▶ [DIRECTIONS] Each line below should be written out again without any change.

### RECORDS TO PROCESS

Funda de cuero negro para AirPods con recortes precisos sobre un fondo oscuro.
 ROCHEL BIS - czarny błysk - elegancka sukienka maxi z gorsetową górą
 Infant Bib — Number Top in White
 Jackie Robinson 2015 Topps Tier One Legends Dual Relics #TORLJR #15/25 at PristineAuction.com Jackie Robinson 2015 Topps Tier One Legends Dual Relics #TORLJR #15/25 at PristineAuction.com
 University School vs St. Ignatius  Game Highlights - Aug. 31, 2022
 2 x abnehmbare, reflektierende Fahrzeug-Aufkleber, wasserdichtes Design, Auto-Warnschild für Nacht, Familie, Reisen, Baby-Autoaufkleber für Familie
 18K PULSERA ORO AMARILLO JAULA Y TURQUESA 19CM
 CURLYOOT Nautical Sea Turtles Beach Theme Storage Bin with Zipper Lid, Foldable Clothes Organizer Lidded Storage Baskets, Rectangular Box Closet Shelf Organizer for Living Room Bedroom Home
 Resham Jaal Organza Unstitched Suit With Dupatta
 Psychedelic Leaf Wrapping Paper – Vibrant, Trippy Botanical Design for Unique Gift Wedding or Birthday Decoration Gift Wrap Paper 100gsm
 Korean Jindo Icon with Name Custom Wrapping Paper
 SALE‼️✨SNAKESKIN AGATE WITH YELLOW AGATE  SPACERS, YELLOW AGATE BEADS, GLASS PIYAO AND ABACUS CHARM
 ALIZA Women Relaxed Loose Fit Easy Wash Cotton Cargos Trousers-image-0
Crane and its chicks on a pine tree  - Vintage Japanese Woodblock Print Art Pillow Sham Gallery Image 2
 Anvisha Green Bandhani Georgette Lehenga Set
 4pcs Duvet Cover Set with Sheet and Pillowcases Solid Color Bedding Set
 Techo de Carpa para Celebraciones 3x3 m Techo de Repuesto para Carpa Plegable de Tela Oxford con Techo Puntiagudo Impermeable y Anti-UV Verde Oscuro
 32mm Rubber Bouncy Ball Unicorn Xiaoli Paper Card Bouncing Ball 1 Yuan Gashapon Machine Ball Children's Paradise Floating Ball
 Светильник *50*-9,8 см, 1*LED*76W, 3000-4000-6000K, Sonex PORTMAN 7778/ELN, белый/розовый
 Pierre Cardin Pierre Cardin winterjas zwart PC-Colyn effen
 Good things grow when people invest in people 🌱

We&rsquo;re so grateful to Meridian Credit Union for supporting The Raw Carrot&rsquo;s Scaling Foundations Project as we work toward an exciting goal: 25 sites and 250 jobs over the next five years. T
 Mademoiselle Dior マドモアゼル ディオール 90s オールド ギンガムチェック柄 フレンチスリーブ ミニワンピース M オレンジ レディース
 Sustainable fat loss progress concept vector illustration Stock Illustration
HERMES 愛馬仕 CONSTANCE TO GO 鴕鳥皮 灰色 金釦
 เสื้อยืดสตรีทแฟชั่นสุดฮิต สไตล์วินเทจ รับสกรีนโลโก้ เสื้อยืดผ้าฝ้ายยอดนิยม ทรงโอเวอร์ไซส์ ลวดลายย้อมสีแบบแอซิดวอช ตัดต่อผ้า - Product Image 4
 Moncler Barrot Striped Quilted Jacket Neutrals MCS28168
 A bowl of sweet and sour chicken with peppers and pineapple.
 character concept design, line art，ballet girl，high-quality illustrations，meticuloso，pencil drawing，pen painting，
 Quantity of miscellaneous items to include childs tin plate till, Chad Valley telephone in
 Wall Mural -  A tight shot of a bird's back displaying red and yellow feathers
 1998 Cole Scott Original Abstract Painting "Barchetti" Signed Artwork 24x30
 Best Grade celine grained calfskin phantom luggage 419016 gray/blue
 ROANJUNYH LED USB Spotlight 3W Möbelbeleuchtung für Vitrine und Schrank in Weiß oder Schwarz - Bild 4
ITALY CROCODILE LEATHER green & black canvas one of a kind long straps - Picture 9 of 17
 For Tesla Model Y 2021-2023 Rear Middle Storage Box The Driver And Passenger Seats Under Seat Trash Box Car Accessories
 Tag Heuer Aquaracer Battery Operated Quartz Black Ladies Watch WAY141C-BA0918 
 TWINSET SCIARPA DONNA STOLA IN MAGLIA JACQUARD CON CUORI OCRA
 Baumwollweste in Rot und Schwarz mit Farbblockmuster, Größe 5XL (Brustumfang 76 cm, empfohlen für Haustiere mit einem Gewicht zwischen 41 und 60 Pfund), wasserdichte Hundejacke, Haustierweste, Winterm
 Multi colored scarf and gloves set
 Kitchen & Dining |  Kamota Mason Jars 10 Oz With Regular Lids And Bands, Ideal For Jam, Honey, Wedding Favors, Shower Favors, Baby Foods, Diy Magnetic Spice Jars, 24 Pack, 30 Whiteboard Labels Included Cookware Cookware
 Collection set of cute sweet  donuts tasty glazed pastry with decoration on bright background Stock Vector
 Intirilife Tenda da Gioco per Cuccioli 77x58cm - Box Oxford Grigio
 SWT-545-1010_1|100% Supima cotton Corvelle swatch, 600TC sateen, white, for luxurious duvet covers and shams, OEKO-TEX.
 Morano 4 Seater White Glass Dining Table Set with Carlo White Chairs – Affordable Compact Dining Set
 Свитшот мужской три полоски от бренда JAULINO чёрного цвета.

######

▶ [YOUR RESPONSE]
Funda de cuero negro para AirPods con recortes precisos sobre un fondo oscuro.
 ROCHEL BIS - czarny błysk - elegancka sukienka maxi z gorsetową górą
 Infant Bib — Number Top in White
 Jackie Robinson 2015 Topps Tier One Legends Dual Relics #TORLJR #15/25 at PristineAuction.com Jackie Robinson 2015 Topps Tier One Legends Dual Relics #TORLJR #15/25 at PristineAuction.com
 University School vs St. Ignatius  Game Highlights - Aug. 31, 2022
 2 x abnehmbare, reflektierende Fahrzeug-Aufkleber, wasserdichtes Design, Auto-Warnschild für Nacht, Familie, Reisen, Baby-Autoaufkleber für Familie
 18K PULSERA ORO AMARILLO JAULA Y TURQUESA 19CM
 CURLYOOT Nautical Sea Turtles Beach Theme Storage Bin with Zipper Lid, Foldable Clothes Organizer Lidded Storage Baskets, Rectangular Box Closet Shelf Organizer for Living Room Bedroom Home
 Resham Jaal Organza Unstitched Suit With Dupatta
 Psychedelic Leaf Wrapping Paper – Vibrant, Trippy Botanical Design for Unique Gift Wedding or Birthday Decoration Gift Wrap Paper 100gsm
 Korean Jindo Icon with Name Custom Wrapping Paper
 SALE‼️✨SNAKESKIN AGATE WITH YELLOW AGATE  SPACERS, YELLOW AGATE BEADS, GLASS PIYAO AND ABACUS CHARM
 ALIZA Women Relaxed Loose Fit Easy Wash Cotton Cargos Trousers-image-0
Crane and its chicks on a pine tree  - Vintage Japanese Woodblock Print Art Pillow Sham Gallery Image 2
 Anvisha Green Bandhani Georgette Lehenga Set
 4pcs Duvet Cover Set with Sheet and Pillowcases Solid Color Bedding Set
 Techo de Carpa para Celebraciones 3x3 m Techo de Repuesto para Carpa Plegable de Tela Oxford con Techo Puntiagudo Impermeable y Anti-UV Verde Oscuro
 32mm Rubber Bouncy Ball Unicorn Xiaoli Paper Card Bouncing Ball 1 Yuan Gashapon Machine Ball Children's Paradise Floating Ball
 Светильник *50*-9,8 см, 1*LED*76W, 3000-4000-6000K, Sonex PORTMAN 7778/ELN, белый/розовый
 Pierre Cardin Pierre Cardin winterjas zwart PC-Colyn effen
 Good things grow when people invest in people 🌱

We&rsquo;re so grateful to Meridian Credit Union for supporting The Raw Carrot&rsquo;s Scaling Foundations Project as we work toward an exciting goal: 25 sites and 250 jobs over the next five years. T
 Mademoiselle Dior マドモアゼル ディオール 90s オールド ギンガムチェック柄 フレンチスリーブ ミニワンピース M オレンジ レディース
 Sustainable fat loss progress concept vector illustration Stock Illustration
HERMES 愛馬仕 CONSTANCE TO GO 鴕鳥皮 灰色 金釦
 เสื้อยืดสตรีทแฟชั่นสุดฮิต สไตล์วินเทจ รับสกรีนโลโก้ เสื้อยืดผ้าฝ้ายยอดนิยม ทรงโอเวอร์ไซส์ ลวดลายย้อมสีแบบแอซิดวอช ตัดต่อผ้า - Product Image 4
 Moncler Barrot Striped Quilted Jacket Neutrals MCS28168
 A bowl of sweet and sour chicken with peppers and pineapple.
 character concept design, line art，ballet girl，high-quality illustrations，meticuloso，pencil drawing，pen painting，
 Quantity of miscellaneous items to include childs tin plate till, Chad Valley telephone in
 Wall Mural -  A tight shot of a bird's back displaying red and yellow feathers
 1998 Cole Scott Original Abstract Painting "Barchetti" Signed Artwork 24x30
 Best Grade celine grained calfskin phantom luggage 419016 gray/blue
 ROANJUNYH LED USB Spotlight 3W Möbelbeleuchtung für Vitrine und Schrank in Weiß oder Schwarz - Bild 4
ITALY CROCODILE LEATHER green & black canvas one of a kind long straps - Picture 9 of 17
 For Tesla Model Y 2021-2023 Rear Middle Storage Box The Driver And Passenger Seats Under Seat Trash Box Car Accessories
 Tag Heuer Aquaracer Battery Operated Quartz Black Ladies Watch WAY141C-BA0918 
 TWINSET SCIARPA DONNA STOLA IN MAGLIA JACQUARD CON CUORI OCRA
 Baumwollweste in Rot und Schwarz mit Farbblockmuster, Größe 5XL (Brustumfang 76 cm, empfohlen für Haustiere mit einem Gewicht zwischen 41 und 60 Pfund), wasserdichte Hundejacke, Haustierweste, Winterm
 Multi colored scarf and gloves set
 Kitchen & Dining |  Kamota Mason Jars 10 Oz With Regular Lids And Bands, Ideal For Jam, Honey, Wedding Favors, Shower Favors, Baby Foods, Diy Magnetic Spice Jars, 24 Pack, 30 Whiteboard Labels Included Cookware Cookware
 Collection set of cute sweet  donuts tasty glazed pastry with decoration on bright background Stock Vector
 Intirilife Tenda da Gioco per Cuccioli 77x58cm - Box Oxford Grigio
 SWT-545-1010_1|100% Supima cotton Corvelle swatch, 600TC sateen, white, for luxurious duvet covers and shams, OEKO-TEX.
 Morano 4 Seater White Glass Dining Table Set with Carlo White Chairs – Affordable Compact Dining Set
 Свитшот мужской три полоски от бренда JAULINO чёрного цвета.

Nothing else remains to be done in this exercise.